Part of the function of marketing is to get people over this skepticism mountain. One method of doing that is to let the customer experience your products or services for free the first time. Go into any Costco on a Saturday and you will see this technique at work. If you taste something you really like, and you are hungry, the likelihood that you will make a purchase is extremely high. If your product is good, letting someone try it for free for the first time gets past the argument that they are taking a huge chance on something they may not like. It opens the door for the sale – which is what marketing is supposed to do. Think of the products you use on a regular basis. How many of them were first given to you as a free trial product? The shaving gel I use, the toothpaste I purchase, the cereal I eat at breakfast – all of these first came as a free sample. Sample is a key word here. If you do use the free trial method, make sure you are not giving away the entire product. Keep them wanting more. Those servers in Costco just give you a bite on a toothpick, not the entire meal.

If you do not have a product or service that is easily given away, the next best method to getting a customer over their skepticism is a demonstration. For instance, if you have a lawn care company, applying your products in the front yard of a strategically located house in a high-end neighborhood on a Saturday morning at 10:00 a.m. will get the attention of other neighbors.
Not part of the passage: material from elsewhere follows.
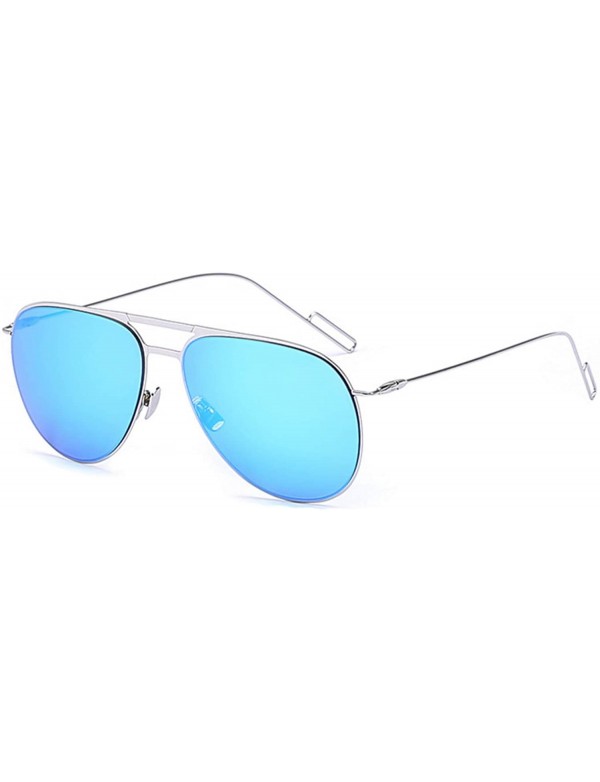 Oversized Aviator Women Men Fashion Designer Sunglasses Metal Frame Colored Lens - 86008_c6_silver_blue_mirror - CH12O5CKCDT ...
Even better, if you can engage those neighbors in conversation, get them to let you test their soil and give them an analysis of the weeds growing in their yard, you will make a simple demonstration turn into a marketing goldmine. The old Fuller Brush Company made a name for themselves with their door-to-door sales techniques in the 1950s and 60s. Can you imagine making a cold call from one doorstep to another? This was their marketing plan – and it worked. One of the marketing tactics they trained their salesmen to use was a demonstration. My mother used to buy their products because the Fuller Brush man showed up one day when she was cleaning potatoes. He demonstrated how easy it was to clean dirt off of a potato skin with their brushes. A sale was made, and every time he came back, he asked if she needed new brushes. It was all she ever used.

Do you have a product or service that can be given away as a free trial? Can you set up a demonstration of your product or services for your customers? Doing so could help you get the skeptics over the mountain that keeps them from purchasing from you.